The one I fret about the most is the “unitarity” or “Liouville” problem. This is essentially Penrose’s original critique, updated to eternal inflation. Liouville’s Theorem in classical mechanics states that if you take a certain number of states and evolve them forward in time, you will end up with precisely the same number of states you started with; states aren’t created or destroyed. So imagine that there is some number of states which qualify as “initial conditions for inflation.” Then eternal inflation says we can evolve them forward and get a collection of universes that grows with time. The problem is that, as this collection grows, there is an increasing number of states that look identical to them, but which didn’t begin with a single tiny inflating patch at all. (Just like an ice cube in a glass of water will evolve to a glass of cooler water, but most glasses of cool water didn’t start with an ice cube in them.) So while it might be true that you can generate an infinite number of universes, at the same time the fraction of such states that actually began in a single inflating patch goes to zero just as quickly. It is far from clear that this picture actually increases the probability that a universe like ours started from inflation.

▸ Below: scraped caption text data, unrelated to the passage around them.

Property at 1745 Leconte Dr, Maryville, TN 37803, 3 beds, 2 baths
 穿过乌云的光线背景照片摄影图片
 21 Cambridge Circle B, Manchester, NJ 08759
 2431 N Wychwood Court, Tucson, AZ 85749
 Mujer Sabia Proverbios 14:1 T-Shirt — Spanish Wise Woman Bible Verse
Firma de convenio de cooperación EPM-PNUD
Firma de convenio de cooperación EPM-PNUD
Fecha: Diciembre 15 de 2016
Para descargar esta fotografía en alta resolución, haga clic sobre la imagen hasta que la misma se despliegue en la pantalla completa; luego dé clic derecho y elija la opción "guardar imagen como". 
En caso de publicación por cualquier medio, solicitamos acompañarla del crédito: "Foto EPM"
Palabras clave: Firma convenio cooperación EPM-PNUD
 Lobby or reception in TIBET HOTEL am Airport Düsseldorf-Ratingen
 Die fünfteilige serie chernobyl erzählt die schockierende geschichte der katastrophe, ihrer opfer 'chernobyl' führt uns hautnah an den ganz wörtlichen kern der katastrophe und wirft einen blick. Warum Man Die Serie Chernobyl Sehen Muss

There is an obvious way out of this challenge, which is to say that all of these “numbers of states” are simply infinite, and this purported calculation just divides infinity by infinity and gets nonsense. And that’s very plausibly true! But if you reject the argument that universes beginning with inflation are an infinitesimally small fraction of all the universes, you are not allowed to accept the argument that there’s some small probability inflation starts and once it does it makes an infinite number of universes. All you can really do is say “we can’t calculate anything.” Which is fine, but we are left without a firm reason for believing that inflation actually solves the naturalness problems it was intended to solve.
A second problem, much more celebrated in the recent cosmological literature and closely related to the first, is known as the measure problem. (Not to be confused with the “measurement problem” in quantum mechanics, which is completely different.) The measure problem isn’t about the probability that inflation starts; it assumes so, and tries to calculate probabilities within the infinite ensemble of universes that eternal inflation creates. The problem is that we would like to calculate probabilities by simply counting the fraction of things that have a certain property — but here we aren’t sure what the “things” are that we should be counting, and even worse we don’t know how to calculate the fraction. Say there are an infinite number of universes in which George W. Bush became President in 2000, and also an infinite number in which Al Gore became President in 2000. To calculate the fraction N(Bush)/N(Gore), we need to have a measure — a way of taming those infinities. Usually this is done by “regularization.” We start with a small piece of universe where all the numbers are finite, calculate the fraction, and then let our piece get bigger, and calculate the limit that our fraction approaches. The problem is that the answer seems to depend very sensitively on how we do that procedure, and we don’t really have any justification at all for preferring one procedure over another. Therefore, in the context of eternal inflation, it’s very hard to predict anything at all.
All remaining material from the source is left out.